Using nuScenes with vision3d#
This example demonstrates using the nuScenes dataset (mini-split) with
vision3d.datasets.NuScenes3D. It covers inspecting the
SampleInputs,
SampleTargets tuple returned by the dataset,
batching with vision3d.datasets.collate_fn() for training, and
visualizing a frame with vision3d.viz.log_sample().
Construct the dataset#
NuScenes3D yields sample frames describing
the 3D scene. Each sample carries lidar points, all six camera images,
their intrinsics and extrinsics, and 3D bounding-box annotations of the
objects in the scene.
from pathlib import Path
from vision3d.datasets import NuScenes3D
NUSCENES_ROOT = Path("~/.cache/vision3d/nuscenes-mini").expanduser()
dataset = NuScenes3D(NUSCENES_ROOT, version="v1.0-mini", split="train", download=True)
print(f"len(dataset) = {len(dataset)}")
print(f"classes ({len(dataset.classes)}): {dataset.classes}")
len(dataset) = 323
classes (10): ('car', 'truck', 'bus', 'trailer', 'construction_vehicle', 'pedestrian', 'motorcycle', 'bicycle', 'traffic_cone', 'barrier')
Inspect a sample#
A single index returns a (inputs, targets) tuple where inputs
is a FusionInputs dict and targets
is a SampleTargets dict. Most values are
semantic tensor types from vision3d.tensors
(PointCloud3D,
CameraImages,
BoundingBoxes3D, …) so
vision3d.transforms can dispatch to the right operation per
input.
inputs, targets = dataset[0]
print("inputs:")
print(
f" points: type={type(inputs['points']).__name__} "
f"shape={tuple(inputs['points'].shape)} dtype={inputs['points'].dtype}"
)
print(
f" images: type={type(inputs['images']).__name__} "
f"shape={tuple(inputs['images'].shape)} dtype={inputs['images'].dtype}"
)
print(
f" intrinsics: type={type(inputs['intrinsics']).__name__} "
f"shape={tuple(inputs['intrinsics'].shape)} dtype={inputs['intrinsics'].dtype}"
)
print(
f" extrinsics: type={type(inputs['extrinsics']).__name__} "
f"shape={tuple(inputs['extrinsics'].shape)} dtype={inputs['extrinsics'].dtype}"
)
print("targets:")
print(
f" boxes: type={type(targets['boxes']).__name__} "

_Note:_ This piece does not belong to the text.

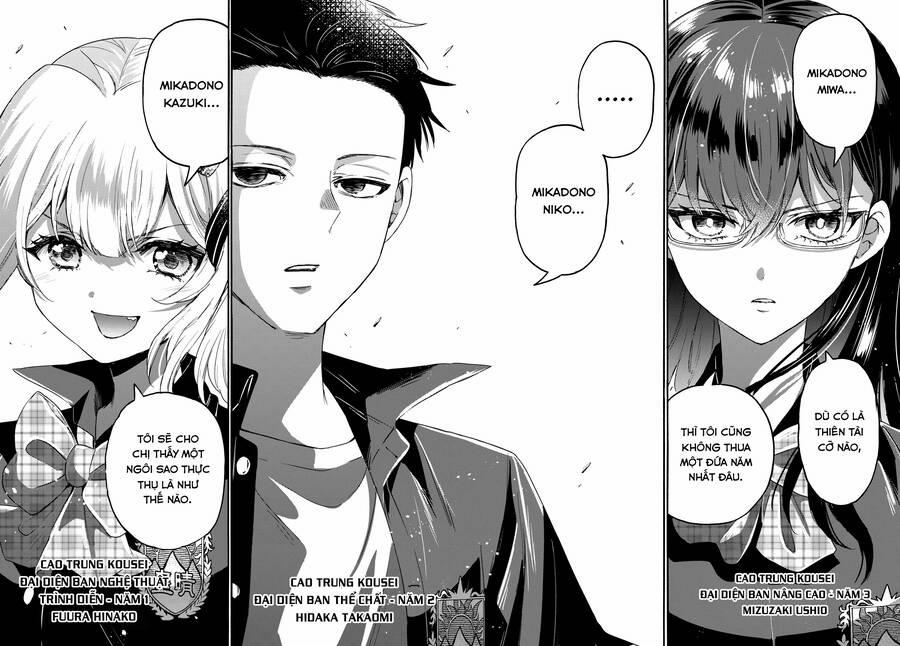 Ba Chị Em Nhà Mikadono Dễ Đối Phó Thật Đấy 123 trang 17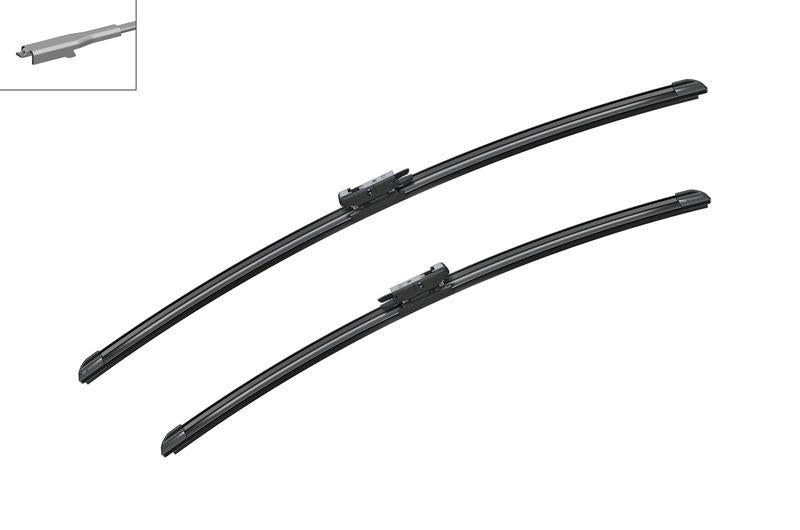 Bosch 3397118967 Front Wiper Set Mercedes-Benz W169/W245/W414 A/B/Vaneo 650/575 mm Aerotwin — Wipers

f"shape={tuple(targets['boxes'].shape)} dtype={targets['boxes'].dtype} "
f"format={targets['boxes'].format.name}"
)
print(
f" labels: type={type(targets['labels']).__name__} "
f"shape={tuple(targets['labels'].shape)} dtype={targets['labels'].dtype}"
)
inputs:
points: type=PointCloud3D shape=(34688, 5) dtype=torch.float32
images: type=CameraImages shape=(6, 3, 900, 1600) dtype=torch.float32
intrinsics: type=CameraIntrinsics shape=(6, 3, 3) dtype=torch.float32
extrinsics: type=CameraExtrinsics shape=(6, 4, 4) dtype=torch.float32
targets:
boxes: type=BoundingBoxes3D shape=(68, 7) dtype=torch.float32 format=XYZLWHY
labels: type=Tensor shape=(68,) dtype=torch.int64
Densify with multiple lidar sweeps#
A single lidar key-frame is sparse, which limits 3D detection accuracy. Multi-sweep accumulation increases point density by combining the sweeps captured between key-frames into the current frame. Each sweep is motion-compensated into the key-frame lidar frame, and every point is annotated with its time offset relative to the key-frame. The denser point cloud retains temporal information and improves model performance.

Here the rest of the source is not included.